+++ Supplied records +++

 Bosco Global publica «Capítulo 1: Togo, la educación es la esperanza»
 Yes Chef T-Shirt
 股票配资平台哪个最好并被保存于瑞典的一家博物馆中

+++
+++ Supplied records +++

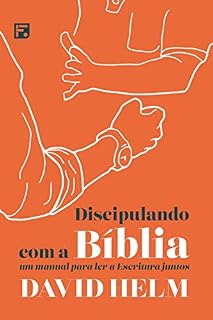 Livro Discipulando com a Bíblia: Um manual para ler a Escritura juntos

+++

→ **Exercise**:
Set down, from the entries above, exactly the lines from the one with "Bosco Global publica" up to and including the one with "股票配资平台哪个最好并被保存于瑞典的一家博物馆中", and no other lines.

→ **Answer section**:
 Bosco Global publica «Capítulo 1: Togo, la educación es la esperanza»
 Yes Chef T-Shirt
 股票配资平台哪个最好并被保存于瑞典的一家博物馆中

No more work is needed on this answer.